LE DEFI DE L'ELARGISSEMENT
Valérie BLANCK
1. Les enjeux d'un élargissement
La perspective d'un élargissement de l'Union est un fait qui n'a
pourtant pas été intégré aux travaux des divers
négociateurs du Traité de Maastricht. De vives critiques ont
d'ailleurs été émises à leur égard. On
estimait, qu'en ne tenant pas compte d'une possible intégration des pays
d'Europe centrale et orientale, le Traité sur l'Union européenne
se trouvait déjà en décalage par rapport à
l'éclatement et aux bouleversements, que connaissait alors le bloc
communiste.
Le compromis de Ioannina - qui a offert la preuve d'un tel déphasage - a
encouragé les Douze à adopter une déclaration
précisant que la question serait abordée lors de la
Conférence des représentants des gouvernements des Etats
membres.
Ainsi, la question institutionnelle se trouve placée au centre des
débats préparatoires à la C.I.G. et son dessein est de
définir les conditions du fonctionnement d'une Union appelée
à s'élargir. Ce processus d'élargissement, qui
pèsera sur le statut, les pouvoirs et la composition des institutions
actuelles demeure nécessaire. Si l'on en croit Klaus Hänsch,
l'Union n'a pas à choisir entre l'approfondissement et
l'élargissement, mais entre l'élargissement ou la
dissolution.
2. Approche synthétique de la position des instances
communautaires
Les institutions sont invitées à établir, avant le
début des travaux du groupe de réflexion, des rapports sur le
fonctionnement du Traité sur l'Union européenne, qui
constitueront une contribution aux travaux du groupe (déclaration
du Conseil européen de Corfou ; juin 1994).
2.1 La Commission européenne et les pays candidats à une
adhésion à l'Union
La Commission européenne a, le 10 mai 1995, adopté un
rapport sur le fonctionnement du Traité de Maastricht.
La Commission retient comme second enjeu de la C.I.G. celui d'accueillir
au sein de l'Union les pays candidats à l'intégration, tout
en préservant les acquis de quarante ans de construction
européenne.
La Commission fait porter son attention sur l'amélioration des
mécanismes de prise de décision - en admettant que le défi
du nombre, ainsi d'ailleurs que la pratique des Etats - doivent amener à
prévoir un recours accru - mais non exclusif - à la
règle de la majorité.

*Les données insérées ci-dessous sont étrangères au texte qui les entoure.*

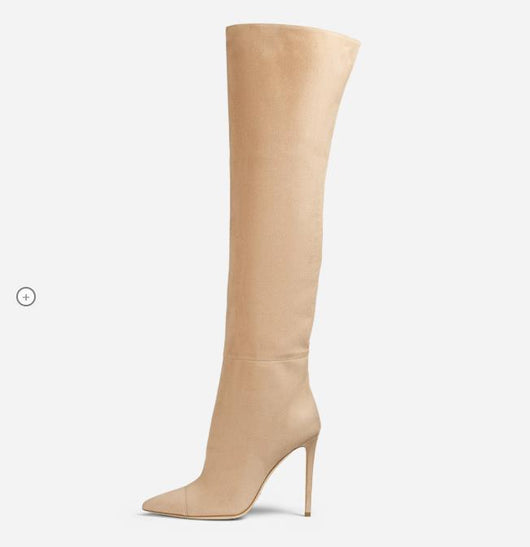 Botas Stiletto Sobre la Rodilla en Gamuza Amarillo y Azul - Tallas Grandes Mujer - Image 5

Ce renforcement de la capacité
décisionnelle incite, selon la Commission, à approfondir la
réflexion sur les rythmes d'intégration
différenciés. Pourtant, la Commission se refuse à
cautionner une dérogation permanente - comme c'est le cas en
matière sociale - et qui conduirait à une Europe à
la carte susceptible de mener à la non-Europe.
En somme, élargir encore l'Union sans la réformer serait
tuer l'idée européenne (LAMASSOURE A. Le Monde, 31
mai 1994).
2.2 L'élargissement et l'avenir de l'architecture judiciaire de
l'Union
La Cour de justice a entamé une réflexion sur l'avenir de
l'architecture judiciaire de l'Union (Rapport de la Cour de justice sur
certains aspects de l'application du Traité sur l'Union
européenne, Luxembourg, mai 1995). La Cour, ne décidera de
multiplier les instances judiciaires, qu'en cas de
nécessité objective liée à la
réalisation d'un élargissement. Elle n'exclut pas, cependant, la
possibilité de réaliser une spécialisation des
chambres du Tribunal, ou le cas échéant, de créer de
nouvelles juridictions communautaires spécialisées. Ce
système des deux instances, autoriserait à assurer le traitement
de la plupart des recours directs devant un ou plusieurs tribunaux de
première instance, tout en réservant la faculté de
soumettre, certains pourvois portés devant la Cour, à un
régime de filtrage.
En réalité, la multiplication des organes judiciaires ne
serait pas de nature à mettre en péril l'unité de la
jurisprudence, à condition que l'on maintienne une juridiction
suprême assurant l'unité d'interprétation par le biais d'un
pourvoi, ou le cas échéant, d'un mécanisme
préjudiciel
En tout état de cause, la Cour a conscience qu'un accroissement du
nombre des Etats membres de l'Union engendrerait inéluctablement une
augmentation du nombre des juges - quoique le lien entre "nationalité"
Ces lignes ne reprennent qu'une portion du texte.